Educational Philosophy:
A famous old adage says that mathematics is not a spectator sport. In order to learn mathematics, students must attempt a significant number of problems. Drill and practice are essential in order to succeed. In addition, the material should not be covered too quickly. Student comprehension always takes priority in the educational process.
Learning Outcomes:
Core Learning Outcomes
 Analyze mathematical concepts from the aesthetic point of view.
 Answer historical and mathematical questions pertaining to: the ancient Egyptians, the ancient Babylonians, the Pythagorean School, the three classic construction problems of ancient Greece, Euclid's elements, Archimedes, Diophantus, the University and library of Alexandria, the medieval Europeans, and the Renaissance Europeans
 Write a term paper on a famous mathematician or mathematical concept.
 Present a summary of the term paper in class.
Core Assessment:
 Participation in a field trip
 Class attendance
 Class participation
 Reaction papers
 Periodic assignments
 Major term paper
 Oral presentation
 Comprehensive final exam
Class Assessment:
1. Class Participation (10%)
(1) Attendance
(2) Response to questions in class
(3) Participation in class discussions
(4) Attending mandatory field trip
2. Problem Assignments (30%)
You will be solving mathematical problems which have been selected from actual historical sources. They are representative of the various branches of mathematics, cultures, and time periods that we will study. You are encouraged to work together in groups on these problems if you wish.
These problems will require usage of the mathematical skills which are taught in MA 131 College Algebra. If you are not familiar with the necessary mathematics, then you will have to learn it as part of the course.

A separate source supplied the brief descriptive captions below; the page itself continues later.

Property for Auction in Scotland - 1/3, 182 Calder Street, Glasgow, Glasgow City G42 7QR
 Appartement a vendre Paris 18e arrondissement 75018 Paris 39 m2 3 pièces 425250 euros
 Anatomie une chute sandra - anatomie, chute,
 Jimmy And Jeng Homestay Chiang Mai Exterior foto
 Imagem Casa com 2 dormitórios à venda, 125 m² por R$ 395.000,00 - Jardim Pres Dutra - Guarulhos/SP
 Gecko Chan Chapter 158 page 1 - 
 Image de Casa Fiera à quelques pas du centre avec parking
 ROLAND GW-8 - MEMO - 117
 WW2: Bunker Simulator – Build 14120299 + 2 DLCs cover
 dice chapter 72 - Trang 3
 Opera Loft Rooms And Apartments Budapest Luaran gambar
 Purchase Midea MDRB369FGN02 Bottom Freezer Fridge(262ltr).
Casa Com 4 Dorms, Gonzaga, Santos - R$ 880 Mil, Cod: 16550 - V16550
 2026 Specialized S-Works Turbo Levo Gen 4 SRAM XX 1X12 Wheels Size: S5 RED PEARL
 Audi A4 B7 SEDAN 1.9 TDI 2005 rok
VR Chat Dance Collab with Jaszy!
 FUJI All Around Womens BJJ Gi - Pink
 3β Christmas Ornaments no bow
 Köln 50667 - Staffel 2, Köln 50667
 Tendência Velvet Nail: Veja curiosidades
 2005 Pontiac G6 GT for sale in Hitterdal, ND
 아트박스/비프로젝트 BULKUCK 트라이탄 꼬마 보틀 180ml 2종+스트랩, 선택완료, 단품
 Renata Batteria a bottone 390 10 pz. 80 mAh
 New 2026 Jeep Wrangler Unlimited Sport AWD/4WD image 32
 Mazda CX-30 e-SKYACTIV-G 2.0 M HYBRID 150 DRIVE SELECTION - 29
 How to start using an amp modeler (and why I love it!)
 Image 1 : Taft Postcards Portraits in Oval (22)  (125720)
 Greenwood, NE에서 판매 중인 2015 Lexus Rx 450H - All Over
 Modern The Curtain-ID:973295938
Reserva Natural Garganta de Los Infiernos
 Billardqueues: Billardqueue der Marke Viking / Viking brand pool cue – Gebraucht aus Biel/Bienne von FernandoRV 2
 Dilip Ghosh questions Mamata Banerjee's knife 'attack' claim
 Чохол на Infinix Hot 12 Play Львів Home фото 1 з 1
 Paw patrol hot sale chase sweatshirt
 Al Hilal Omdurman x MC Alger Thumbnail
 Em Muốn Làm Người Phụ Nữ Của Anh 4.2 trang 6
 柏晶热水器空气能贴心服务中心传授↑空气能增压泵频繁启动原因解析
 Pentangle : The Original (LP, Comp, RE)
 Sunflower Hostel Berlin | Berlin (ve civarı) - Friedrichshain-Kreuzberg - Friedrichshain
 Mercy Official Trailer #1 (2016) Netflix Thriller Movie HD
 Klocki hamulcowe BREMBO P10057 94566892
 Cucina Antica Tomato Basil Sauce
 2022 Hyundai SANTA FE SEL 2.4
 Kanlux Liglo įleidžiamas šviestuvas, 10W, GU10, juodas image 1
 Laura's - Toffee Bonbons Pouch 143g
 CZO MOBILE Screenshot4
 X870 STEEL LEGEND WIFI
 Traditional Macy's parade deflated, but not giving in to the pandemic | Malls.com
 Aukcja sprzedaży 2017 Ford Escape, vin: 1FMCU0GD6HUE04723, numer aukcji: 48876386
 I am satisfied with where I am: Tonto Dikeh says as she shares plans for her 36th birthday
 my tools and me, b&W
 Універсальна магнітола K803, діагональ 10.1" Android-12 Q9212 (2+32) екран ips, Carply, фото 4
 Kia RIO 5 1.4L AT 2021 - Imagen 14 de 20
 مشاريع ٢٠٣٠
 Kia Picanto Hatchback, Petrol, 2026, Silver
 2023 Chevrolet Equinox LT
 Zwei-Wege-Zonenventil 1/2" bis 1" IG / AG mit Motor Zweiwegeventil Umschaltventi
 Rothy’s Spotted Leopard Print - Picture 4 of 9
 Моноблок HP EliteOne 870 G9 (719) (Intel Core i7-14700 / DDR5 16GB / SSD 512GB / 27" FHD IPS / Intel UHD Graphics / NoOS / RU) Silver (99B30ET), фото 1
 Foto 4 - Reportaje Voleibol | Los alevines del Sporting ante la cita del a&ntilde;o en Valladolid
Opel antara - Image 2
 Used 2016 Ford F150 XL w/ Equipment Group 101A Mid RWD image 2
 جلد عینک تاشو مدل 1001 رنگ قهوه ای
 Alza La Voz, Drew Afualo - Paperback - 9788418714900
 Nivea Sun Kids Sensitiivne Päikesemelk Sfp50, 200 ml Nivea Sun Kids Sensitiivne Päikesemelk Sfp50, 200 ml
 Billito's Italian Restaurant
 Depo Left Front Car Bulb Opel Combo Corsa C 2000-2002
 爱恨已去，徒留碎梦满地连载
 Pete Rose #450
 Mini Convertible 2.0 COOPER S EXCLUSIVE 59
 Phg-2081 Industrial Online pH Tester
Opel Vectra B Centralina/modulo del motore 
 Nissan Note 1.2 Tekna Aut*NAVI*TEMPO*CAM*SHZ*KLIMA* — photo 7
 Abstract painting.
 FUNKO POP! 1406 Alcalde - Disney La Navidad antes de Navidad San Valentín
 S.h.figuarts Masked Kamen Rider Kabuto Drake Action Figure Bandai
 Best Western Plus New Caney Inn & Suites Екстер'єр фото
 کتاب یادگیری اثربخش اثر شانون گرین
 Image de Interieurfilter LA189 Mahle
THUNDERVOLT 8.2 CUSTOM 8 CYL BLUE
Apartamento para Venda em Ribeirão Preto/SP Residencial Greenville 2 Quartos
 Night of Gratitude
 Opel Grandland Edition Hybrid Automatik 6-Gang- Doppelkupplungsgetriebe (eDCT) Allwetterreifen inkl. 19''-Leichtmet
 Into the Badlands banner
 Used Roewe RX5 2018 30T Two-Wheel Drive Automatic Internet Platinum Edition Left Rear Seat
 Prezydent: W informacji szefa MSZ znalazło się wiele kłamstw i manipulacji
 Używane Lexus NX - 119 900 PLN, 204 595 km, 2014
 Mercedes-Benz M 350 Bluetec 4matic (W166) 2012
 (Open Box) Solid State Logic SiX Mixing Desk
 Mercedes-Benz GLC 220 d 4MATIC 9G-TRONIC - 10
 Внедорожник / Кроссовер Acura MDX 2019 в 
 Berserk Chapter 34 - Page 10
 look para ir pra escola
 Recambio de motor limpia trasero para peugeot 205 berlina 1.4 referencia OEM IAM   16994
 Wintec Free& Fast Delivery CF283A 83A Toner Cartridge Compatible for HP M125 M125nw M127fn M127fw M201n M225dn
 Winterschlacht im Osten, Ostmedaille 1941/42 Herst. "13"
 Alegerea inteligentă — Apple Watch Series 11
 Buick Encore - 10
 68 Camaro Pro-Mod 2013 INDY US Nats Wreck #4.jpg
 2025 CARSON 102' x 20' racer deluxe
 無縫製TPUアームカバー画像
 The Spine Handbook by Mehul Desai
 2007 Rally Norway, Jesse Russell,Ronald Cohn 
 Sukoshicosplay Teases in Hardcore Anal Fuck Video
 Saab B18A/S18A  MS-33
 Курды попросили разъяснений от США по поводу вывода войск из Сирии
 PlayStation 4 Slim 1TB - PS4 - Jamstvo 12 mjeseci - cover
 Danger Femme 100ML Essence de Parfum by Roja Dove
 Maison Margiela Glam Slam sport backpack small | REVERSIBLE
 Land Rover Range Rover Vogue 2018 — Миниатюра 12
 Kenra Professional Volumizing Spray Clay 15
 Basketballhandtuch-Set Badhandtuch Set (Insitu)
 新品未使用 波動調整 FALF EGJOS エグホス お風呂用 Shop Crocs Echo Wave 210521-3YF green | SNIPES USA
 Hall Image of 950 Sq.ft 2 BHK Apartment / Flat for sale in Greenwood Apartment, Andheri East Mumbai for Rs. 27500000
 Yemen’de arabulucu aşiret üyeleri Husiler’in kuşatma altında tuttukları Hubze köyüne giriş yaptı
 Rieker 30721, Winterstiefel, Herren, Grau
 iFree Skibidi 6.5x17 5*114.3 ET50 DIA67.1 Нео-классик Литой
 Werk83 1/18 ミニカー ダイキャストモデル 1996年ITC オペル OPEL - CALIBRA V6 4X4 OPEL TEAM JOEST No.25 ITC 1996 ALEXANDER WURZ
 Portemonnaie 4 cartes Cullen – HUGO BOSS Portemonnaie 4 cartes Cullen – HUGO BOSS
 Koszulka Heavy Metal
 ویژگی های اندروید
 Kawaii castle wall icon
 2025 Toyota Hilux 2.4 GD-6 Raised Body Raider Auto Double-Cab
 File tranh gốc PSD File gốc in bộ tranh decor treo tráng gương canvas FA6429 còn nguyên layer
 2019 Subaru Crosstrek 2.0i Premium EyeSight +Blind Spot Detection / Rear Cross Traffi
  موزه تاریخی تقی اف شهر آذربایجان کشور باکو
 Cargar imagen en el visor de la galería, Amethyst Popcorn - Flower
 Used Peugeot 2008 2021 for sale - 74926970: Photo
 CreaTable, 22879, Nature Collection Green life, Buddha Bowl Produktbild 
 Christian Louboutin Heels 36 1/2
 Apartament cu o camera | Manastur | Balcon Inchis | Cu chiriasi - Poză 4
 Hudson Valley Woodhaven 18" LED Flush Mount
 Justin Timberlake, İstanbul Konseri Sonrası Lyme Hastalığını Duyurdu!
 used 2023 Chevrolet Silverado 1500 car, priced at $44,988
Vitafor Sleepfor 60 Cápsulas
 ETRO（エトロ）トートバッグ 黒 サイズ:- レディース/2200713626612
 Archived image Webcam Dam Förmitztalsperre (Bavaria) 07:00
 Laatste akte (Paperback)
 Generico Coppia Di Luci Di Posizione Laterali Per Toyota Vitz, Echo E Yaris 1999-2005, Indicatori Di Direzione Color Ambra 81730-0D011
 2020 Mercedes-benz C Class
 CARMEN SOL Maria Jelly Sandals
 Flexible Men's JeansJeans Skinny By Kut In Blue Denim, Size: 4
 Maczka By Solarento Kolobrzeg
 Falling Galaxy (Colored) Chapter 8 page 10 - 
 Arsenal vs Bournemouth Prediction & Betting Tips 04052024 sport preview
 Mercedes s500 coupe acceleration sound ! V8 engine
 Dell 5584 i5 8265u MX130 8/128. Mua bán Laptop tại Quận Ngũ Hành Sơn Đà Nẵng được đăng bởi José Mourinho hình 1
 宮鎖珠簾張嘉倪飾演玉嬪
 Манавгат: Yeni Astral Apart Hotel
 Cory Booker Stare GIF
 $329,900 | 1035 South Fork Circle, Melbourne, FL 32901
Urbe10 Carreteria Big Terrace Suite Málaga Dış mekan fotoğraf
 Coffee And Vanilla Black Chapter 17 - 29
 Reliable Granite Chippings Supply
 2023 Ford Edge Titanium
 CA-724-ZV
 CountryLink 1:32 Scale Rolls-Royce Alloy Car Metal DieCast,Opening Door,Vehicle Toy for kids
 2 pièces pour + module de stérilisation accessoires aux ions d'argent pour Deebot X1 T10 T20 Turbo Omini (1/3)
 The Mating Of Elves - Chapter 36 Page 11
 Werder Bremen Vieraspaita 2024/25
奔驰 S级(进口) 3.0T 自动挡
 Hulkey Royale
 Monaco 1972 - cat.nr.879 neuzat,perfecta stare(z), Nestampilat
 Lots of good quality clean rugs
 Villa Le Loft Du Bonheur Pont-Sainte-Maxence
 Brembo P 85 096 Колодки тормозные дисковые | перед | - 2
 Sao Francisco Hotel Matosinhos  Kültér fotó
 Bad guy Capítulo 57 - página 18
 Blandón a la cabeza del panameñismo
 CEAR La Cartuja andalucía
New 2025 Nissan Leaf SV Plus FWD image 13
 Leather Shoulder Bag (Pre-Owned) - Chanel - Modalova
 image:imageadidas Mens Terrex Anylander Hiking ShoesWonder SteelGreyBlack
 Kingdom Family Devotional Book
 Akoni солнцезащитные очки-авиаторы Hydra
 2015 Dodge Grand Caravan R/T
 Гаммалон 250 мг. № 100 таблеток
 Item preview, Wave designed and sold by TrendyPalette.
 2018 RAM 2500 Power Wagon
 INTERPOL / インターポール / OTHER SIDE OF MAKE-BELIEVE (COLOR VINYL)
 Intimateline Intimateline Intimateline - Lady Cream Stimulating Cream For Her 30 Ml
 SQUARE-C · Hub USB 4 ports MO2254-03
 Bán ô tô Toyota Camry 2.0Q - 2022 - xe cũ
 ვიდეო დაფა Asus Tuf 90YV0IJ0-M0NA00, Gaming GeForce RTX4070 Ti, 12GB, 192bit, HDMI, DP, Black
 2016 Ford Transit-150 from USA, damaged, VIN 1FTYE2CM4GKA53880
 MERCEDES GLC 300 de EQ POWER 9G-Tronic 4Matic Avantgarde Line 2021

You may also be asked to write reaction papers and reports relating to films, videos, speaker presentations, and field trips.
Other types of assignments may be given also.
3. Major Term Paper (40%)
You will write a major term paper on a topic chosen from one of the 4 following options.
(1) The life and works of a famous mathematician, chosen from the List of Famous Mathematicians on page 8.
(2) An investigation of a significant mathematical concept from a historical perspective, chosen from the List of Topics on page(s) 89 of the syllabus.
(3) An investigation of a topic of current relevance in mathematics, possibly related to underrepresented groups in the discipline. The topic MUST be approved by the instructor. Modifications of the scope and extent of the topics may need to be negotiated with the instructor.
(4) Be original and creative. Design your own topic. The topic MUST be approved by the instructor. Modifications of the scope and extent of the topics may need to be negotiated with the instructor.
The major term paper MUST be at least 10 pages in length, typed and doublespaced. If a student's paper is LESS THAN 10 pages long, then the score for that paper will be reduced by 1 letter grade. You MUST use a minimum of 8 sources. At most 40% of your sources may be taken from the Internet. NO WIKI!! ALL Internet sources MUST be approved by the instructor.
DO NOT PLAGIARIZE. Any final version of the major term paper containing plagiarized material will automatically receive a score of ZERO, and furthermore, the Chairman of the Mathematics Department and the Dean will be notified for further disciplinary actions. You MUST use some type of referencing system. Use whatever system you are familiar with, be consistent with this system throughout the paper. Include a title page and a bibliography page. (These do not count toward the total number of pages). Pictures and diagrams, while strongly encouraged, do not count toward the total number of pages.
Two students may not write on the same topic. Only the first student to declare a choice for a topic can write a paper on that topic.
Important Deadlines:
You MUST have your topic selected and approved by the instructor no later than Wednesday, January 20, 2010.
The paper must be submitted to me no later than Monday, March 15, 2010.
LATE TERM PAPERS WILL NOT BE ACCEPTED.
Then each student will meet individually with the instructor, who will make corrections and recommendations for improvement. The student will be given an opportunity to rewrite the paper in an attempt to earn a higher score. The timeline for the second chance will be individually negotiated with each student. Important Rule: The second chance rewrite can raise your score by a maximum of 1 letter grade.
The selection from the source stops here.